O perfil da comunidade do jogo e os riscos de nichos online
- Investigações em comunidades não-oficiais do jogo revelaram conteúdos preocupantes, como fanarts pornográficas dos personagens e discussões que normalizam temas como incesto e assassinato. Embora essa parcela da comunidade não represente todos os fãs, evidencia que parte do público está imersa em um ambiente de dessensibilização e exaltação da violência. A criadora do jogo, após ter dados pessoais expostos, afastou-se das redes e deixou a responsabilidade pelo título ao estúdio Kit9, que não se pronunciou.
O crime é reflexo de múltiplas falhas sociais e não apenas de um jogo
- O crime de Itaperuna não deve ser interpretado de forma reducionista. Não é o jogo The Coffin of Andy and Leyley o único culpado, mas sim uma combinação de fatores: negligência familiar, exposição indevida a conteúdos adultos, falta de supervisão parental, contexto social desestruturado e a fragilidade emocional dos envolvidos. O jogo, por mais polêmico que seja, é uma obra de ficção que, como outras mídias artísticas, pode ser mal interpretada e consumida fora de seu público-alvo.
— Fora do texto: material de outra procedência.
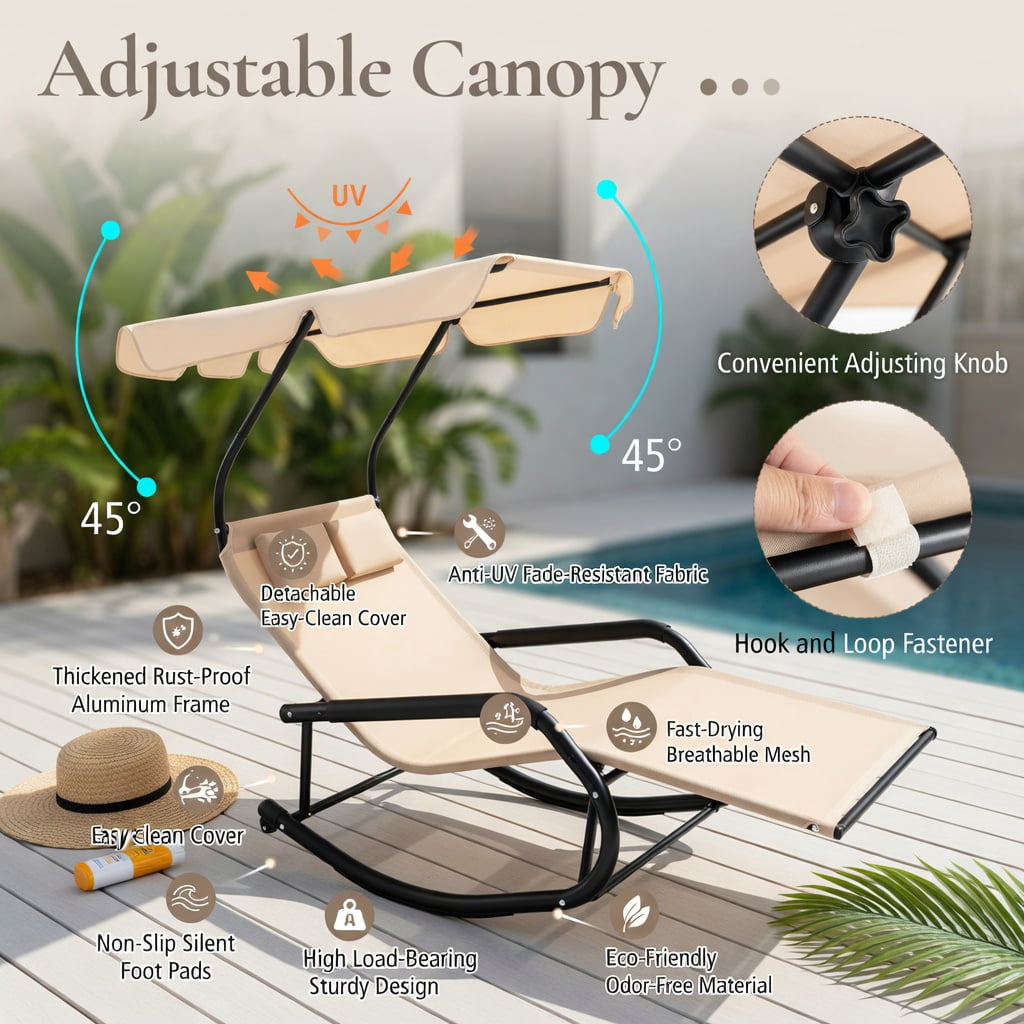 Hommoo 2-Person Outdoor Rocking Chaise Lounge with Adjustable Canopy & Mobility Wheels, Metal Frame Patio Lounger for Backyard, Poolside, Deck, Beige
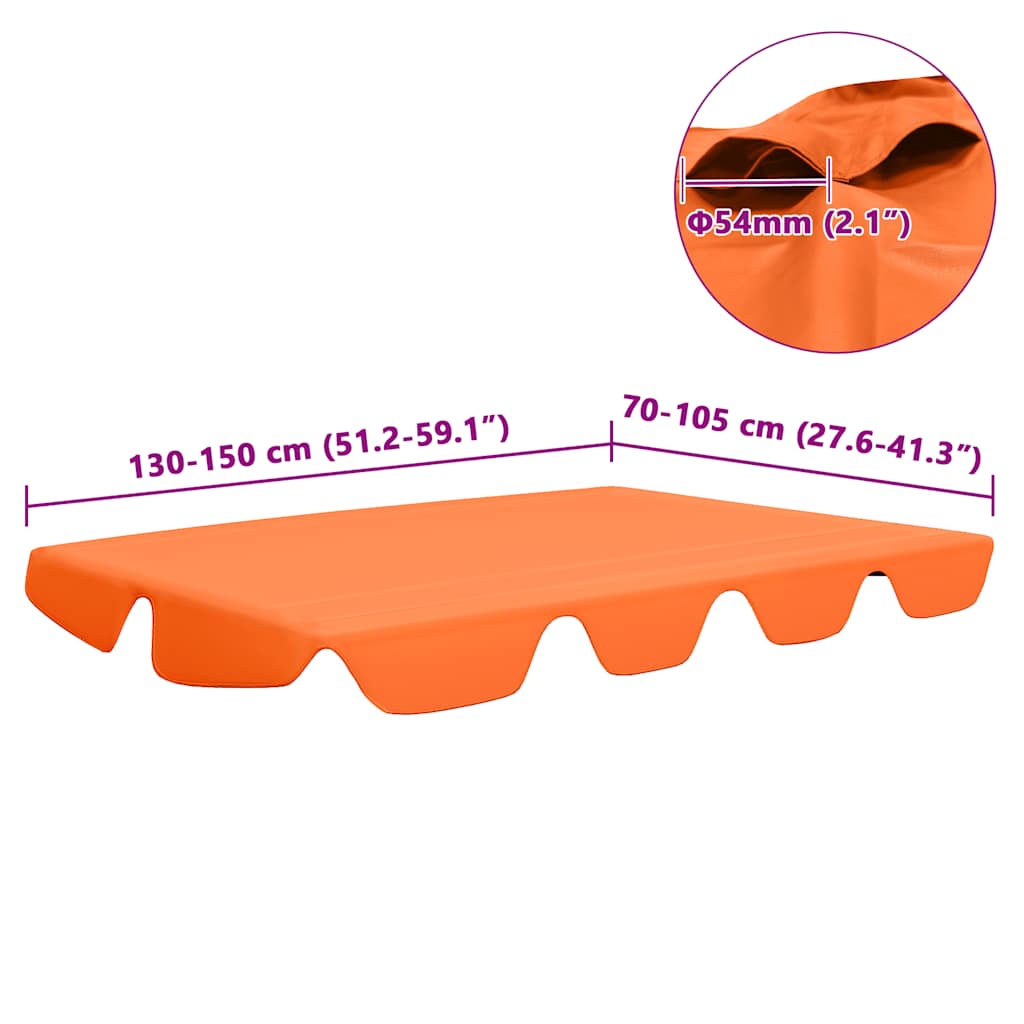 Replacement Canopy for Garden Swing Orange 150/130x105/70 cm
É urgente repensar a forma como jovens têm acesso à internet, reforçar a importância da classificação indicativa e ampliar a conscientização dos pais sobre os conteúdos que seus filhos consomem. Da mesma forma, a sociedade precisa abandonar o impulso de buscar culpados fáceis e passar a tratar casos como esse com seriedade, empatia e compromisso com a prevenção, não apenas com a punição.